It's better than the IMAX! And since yet another upscale steakhouse, the Capital Grille, has been getting ready to throw open its doors (see Mouthing Off), I thought it was time to visit an old standby. Benton's hasn't changed a bit since it replaced Top of the Crown, a quasi-French restaurant, more than sixteen years ago. An old Top of the Crown menu reveals that it had more or less been a steakhouse too, with châteaubriand, pepper steak, prime rib and Filet Mignon Cafe de Paris offered alongside Supreme of Chicken Gourmet. Along with the name Benton's -- for Thomas Hart Benton, the gruff and virile Kansas City painter -- came a more robust menu, with eight cuts of beef, a few seafood choices, a pricey Australian lobster tail and a plebian chicken breast dish that lost more than a fancy name when it was demoted from "gourmet" to simply "grilled."
Benton's etchings and sketches are scattered throughout the restaurant, which still sports the rose-colored carpet, earth-toned walls, mirrors and brass railings it's had since Ronald Reagan was in the White House. I'm not knocking it -- there's something comforting about eating in a place where things stay the same. In fact, the restaurant's regulars howl if there's even the smallest change. Several years ago, the Benton's management decided to lower prices and eliminate the porcelain bucket of cold "peel your own" shrimp that's served with dinner. "Our customers threw a fit, and we went back to the old way of doing things," says the restaurant's manager, Todd Neff.
The old way still means that each dinner is a package deal, including the shrimp, a basket of breads, a salad prepared tableside, a medley of vegetables and either a fat baked potato or a Benton's Potato, a layered, deep-dish concoction baked with cheese. Benton's isn't as polished as other steakhouses, like Morton's of Chicago (just across the street), and the prices may seem high at first glance. But when real restaurant pros -- such as Connie Drury and Georgianna Jones, who have been working the room since the 1970s -- bring out that much food, the place starts to look like a bargain.

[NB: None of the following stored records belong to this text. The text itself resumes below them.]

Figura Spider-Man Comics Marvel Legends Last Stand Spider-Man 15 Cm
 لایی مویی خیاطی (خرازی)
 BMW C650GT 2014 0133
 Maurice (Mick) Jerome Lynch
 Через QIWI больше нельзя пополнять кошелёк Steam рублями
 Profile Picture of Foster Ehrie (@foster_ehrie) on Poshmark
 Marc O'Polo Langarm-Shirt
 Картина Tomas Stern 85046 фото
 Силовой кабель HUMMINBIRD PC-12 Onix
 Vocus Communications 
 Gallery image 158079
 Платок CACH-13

On one visit, I arrived for dinner far earlier than I expected. My companion, Lesa, was on a weight-loss eating schedule that demanded she be finished with dinner by 6:30 p.m., so we were at a table, napkins in our laps, at 5:30 sharp. How was I to know that was the best time, during the early spring, to get a breathtaking view of a Kansas City sunset? We could see the northern span of the city, stretching from Kansas City, Kansas, to North Kansas City, with the downtown skyline in between. We saw things we'd never noticed before -- but by that point we were preoccupied with an appetizer of fried calamari rings, which we dipped into an avocado-colored sauce made with wasabi, the grated root of an Asian plant with the sting and snort of horseradish. Though the sauce had been toned down, it still had enough bite to give the overly chewy squid some punch.